Listed entries START

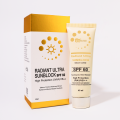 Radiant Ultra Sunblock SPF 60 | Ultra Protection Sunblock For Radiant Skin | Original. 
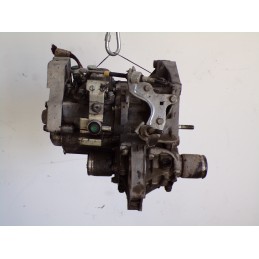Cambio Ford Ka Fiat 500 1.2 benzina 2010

Listed entries END
Listed entries START

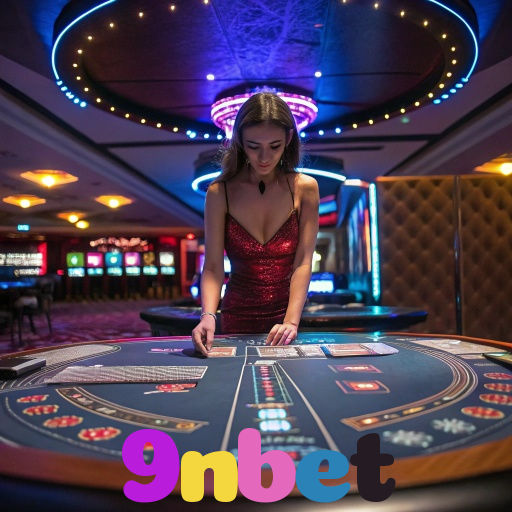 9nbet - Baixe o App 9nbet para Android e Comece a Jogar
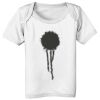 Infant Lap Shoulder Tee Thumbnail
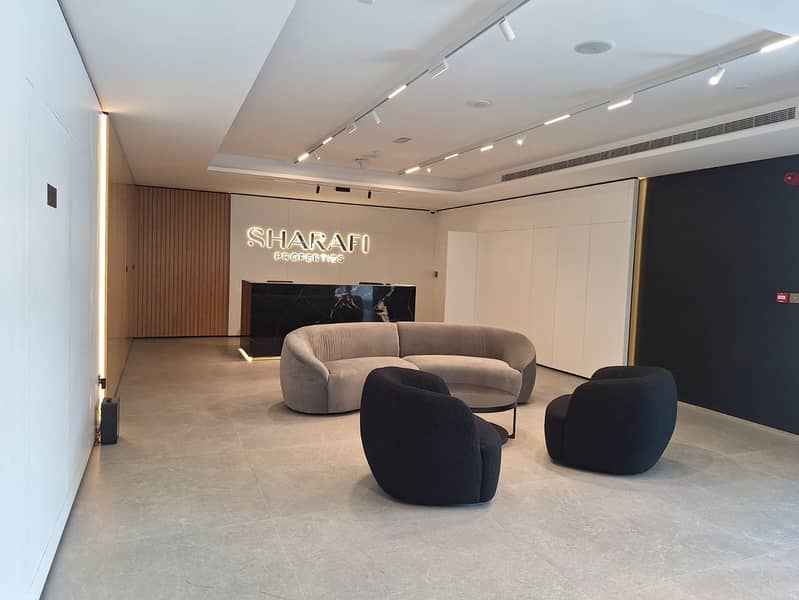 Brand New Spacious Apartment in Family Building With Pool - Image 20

Listed entries END

▸ Action item
Write out exactly the run of lines above that starts at the line containing "Radiant Ultra Sunblock" and ends at the line containing "Cambio Ford Ka Fiat 500 1.2 benzina 2010". Include both, and leave the pictures out.

▸ Solution to this problem
 Radiant Ultra Sunblock SPF 60 | Ultra Protection Sunblock For Radiant Skin | Original. 
Cambio Ford Ka Fiat 500 1.2 benzina 2010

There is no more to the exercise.